London Evening Standard – Wednesday 14 September 1892:

Dr. G. Danford Thomas held an inquest yesterday at St. Pancras Coroner’s Court on the body of Emily Cave (née: Emily Alice Windebank, born 1865), 27, the wife of Walter Cave (Walter Frederick Cave: 1863-1904), a barman, lately residing at 17, Castle-road, Kentish-town.

According to the husband, he lived very happily with the deceased, who was very amiable. She had recently – especially since their last child was born – been “queer” in her head. She complained of pains in the head, and often said she “wished she was dead.”

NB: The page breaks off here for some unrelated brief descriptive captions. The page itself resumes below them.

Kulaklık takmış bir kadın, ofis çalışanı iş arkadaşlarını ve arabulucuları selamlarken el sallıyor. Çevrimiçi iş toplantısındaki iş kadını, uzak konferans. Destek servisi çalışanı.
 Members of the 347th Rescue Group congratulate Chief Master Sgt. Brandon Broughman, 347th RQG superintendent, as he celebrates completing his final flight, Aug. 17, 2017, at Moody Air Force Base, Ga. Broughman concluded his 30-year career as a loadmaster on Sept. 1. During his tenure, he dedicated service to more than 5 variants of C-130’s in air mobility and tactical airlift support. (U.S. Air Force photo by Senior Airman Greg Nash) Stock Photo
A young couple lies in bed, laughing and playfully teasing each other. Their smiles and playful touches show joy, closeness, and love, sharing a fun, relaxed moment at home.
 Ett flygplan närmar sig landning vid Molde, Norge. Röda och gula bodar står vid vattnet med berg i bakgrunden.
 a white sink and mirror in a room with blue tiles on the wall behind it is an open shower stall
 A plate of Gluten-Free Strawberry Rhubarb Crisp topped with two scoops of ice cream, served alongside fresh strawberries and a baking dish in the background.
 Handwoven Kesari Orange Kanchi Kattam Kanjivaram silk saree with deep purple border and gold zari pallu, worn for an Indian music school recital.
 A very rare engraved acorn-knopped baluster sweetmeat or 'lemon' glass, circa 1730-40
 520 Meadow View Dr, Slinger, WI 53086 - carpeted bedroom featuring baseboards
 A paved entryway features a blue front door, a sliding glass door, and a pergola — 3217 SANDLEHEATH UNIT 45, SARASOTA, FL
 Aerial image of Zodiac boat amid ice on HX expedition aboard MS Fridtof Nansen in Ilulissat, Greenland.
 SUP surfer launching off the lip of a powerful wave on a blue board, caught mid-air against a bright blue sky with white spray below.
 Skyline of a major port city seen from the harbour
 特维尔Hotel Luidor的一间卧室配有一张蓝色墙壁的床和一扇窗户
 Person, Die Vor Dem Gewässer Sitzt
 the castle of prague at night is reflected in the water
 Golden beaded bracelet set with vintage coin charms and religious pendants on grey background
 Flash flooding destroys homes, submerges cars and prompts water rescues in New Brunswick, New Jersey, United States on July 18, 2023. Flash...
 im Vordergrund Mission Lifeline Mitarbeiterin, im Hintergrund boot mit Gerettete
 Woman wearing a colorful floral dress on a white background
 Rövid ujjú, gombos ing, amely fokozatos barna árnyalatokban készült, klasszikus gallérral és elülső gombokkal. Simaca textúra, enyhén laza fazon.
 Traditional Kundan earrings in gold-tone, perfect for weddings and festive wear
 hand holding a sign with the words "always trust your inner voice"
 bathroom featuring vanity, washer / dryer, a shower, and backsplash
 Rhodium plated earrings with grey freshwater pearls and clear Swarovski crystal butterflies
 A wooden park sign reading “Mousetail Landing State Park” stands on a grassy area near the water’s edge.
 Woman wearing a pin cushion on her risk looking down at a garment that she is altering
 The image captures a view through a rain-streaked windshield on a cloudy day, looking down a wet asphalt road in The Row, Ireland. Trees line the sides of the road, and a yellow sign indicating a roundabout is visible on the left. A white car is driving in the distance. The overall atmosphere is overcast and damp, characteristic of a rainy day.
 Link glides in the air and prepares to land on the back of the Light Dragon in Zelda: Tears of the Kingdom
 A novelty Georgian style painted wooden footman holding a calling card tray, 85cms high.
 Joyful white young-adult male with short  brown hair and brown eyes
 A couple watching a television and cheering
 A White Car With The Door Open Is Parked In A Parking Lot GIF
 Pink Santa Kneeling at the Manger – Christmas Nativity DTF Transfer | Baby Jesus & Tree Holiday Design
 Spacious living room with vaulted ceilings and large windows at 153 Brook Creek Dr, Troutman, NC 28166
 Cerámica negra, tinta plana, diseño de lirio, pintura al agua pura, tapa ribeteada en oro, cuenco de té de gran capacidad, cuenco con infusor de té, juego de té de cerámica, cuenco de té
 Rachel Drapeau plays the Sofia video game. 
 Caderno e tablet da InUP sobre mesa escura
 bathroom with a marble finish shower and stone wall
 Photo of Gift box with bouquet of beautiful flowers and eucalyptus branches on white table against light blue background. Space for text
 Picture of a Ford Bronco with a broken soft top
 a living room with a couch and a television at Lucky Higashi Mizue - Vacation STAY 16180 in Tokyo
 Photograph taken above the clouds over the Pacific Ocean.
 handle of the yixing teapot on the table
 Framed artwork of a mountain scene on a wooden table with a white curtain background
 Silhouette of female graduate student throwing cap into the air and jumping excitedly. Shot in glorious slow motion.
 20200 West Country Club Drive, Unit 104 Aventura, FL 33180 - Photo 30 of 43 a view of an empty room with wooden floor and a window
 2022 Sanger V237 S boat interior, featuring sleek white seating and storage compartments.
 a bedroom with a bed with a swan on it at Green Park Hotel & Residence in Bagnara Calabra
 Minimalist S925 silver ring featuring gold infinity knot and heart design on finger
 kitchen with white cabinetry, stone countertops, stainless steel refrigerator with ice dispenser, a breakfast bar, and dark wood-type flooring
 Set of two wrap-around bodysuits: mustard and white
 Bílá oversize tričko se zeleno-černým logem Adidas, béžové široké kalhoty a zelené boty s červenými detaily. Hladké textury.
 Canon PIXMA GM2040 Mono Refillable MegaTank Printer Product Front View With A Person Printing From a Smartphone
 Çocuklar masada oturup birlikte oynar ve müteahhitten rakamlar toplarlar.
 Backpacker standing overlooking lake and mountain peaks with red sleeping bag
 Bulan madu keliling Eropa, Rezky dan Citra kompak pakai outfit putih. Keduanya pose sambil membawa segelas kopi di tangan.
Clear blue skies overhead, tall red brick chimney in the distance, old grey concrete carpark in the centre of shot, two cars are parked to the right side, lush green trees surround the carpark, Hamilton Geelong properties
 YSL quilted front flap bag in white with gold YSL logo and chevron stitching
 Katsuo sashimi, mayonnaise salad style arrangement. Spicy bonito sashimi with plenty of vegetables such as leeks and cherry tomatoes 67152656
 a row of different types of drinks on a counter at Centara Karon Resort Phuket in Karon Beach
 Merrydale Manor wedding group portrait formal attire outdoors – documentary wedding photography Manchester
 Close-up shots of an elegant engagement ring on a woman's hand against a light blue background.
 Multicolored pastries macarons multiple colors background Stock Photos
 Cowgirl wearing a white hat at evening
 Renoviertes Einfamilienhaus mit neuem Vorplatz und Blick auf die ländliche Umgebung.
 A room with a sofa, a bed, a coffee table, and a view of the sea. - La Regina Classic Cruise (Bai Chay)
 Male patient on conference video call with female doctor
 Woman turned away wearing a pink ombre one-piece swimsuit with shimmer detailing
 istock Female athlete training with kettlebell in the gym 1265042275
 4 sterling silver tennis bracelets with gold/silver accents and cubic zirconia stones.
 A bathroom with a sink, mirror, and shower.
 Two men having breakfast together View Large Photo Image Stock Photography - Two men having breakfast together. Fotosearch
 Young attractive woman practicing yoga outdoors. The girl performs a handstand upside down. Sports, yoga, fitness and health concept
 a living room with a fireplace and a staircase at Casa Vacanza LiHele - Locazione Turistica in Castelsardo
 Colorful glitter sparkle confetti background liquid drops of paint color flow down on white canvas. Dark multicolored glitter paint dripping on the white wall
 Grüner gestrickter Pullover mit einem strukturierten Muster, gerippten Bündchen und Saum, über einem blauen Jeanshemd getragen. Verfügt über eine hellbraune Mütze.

On Saturday morning the Witness was fetched home, where he found his wife lying insensible on the floor. Upon a table was the empty bottle produced, labelled “Carbolic acid—poison,” and a purse containing half-a-sovereign. He learnt from his little boy that the latter saw his mother drink “something” from a bottle and then fall on the bed on the floor. Before she became insensible she handed the purse mentioned to her son saying, “If I don’t wake up any more, give this to your father.” The husband at once called in a neighbouring doctor. Witness had never heard his wife threaten to destroy herself. The son stated that his mother drank from the bottle itself and then fell down. She asked him if she did not wake any more to “give baby some sugar-tits,” and father the purse. Dr. T. Massi, 183, Kentish Town-road, said when he arrived the woman was dying from the effects of carbolic-acid poisoning, and she expired about an hour and a half afterwards from this cause.

The Mother of the deceased (Harriet Windebank (née: Monk) 1839-1899) said she was a good girl, and had a good husband, and Witness could not account for the mode of her death.—The Jury returned a verdict of “Suicide while of unsound mind.”

Walter Frederick Cave was born in March 1863, the son of Caroline (née: Pritchard born 1822) and Benjamin (died 1863). He married Emily Alice Windebank and they had three children together. He then married Isabella Florence Meyers in 1894 and they had four children together. He died in July 1904 in London, at the age of 41.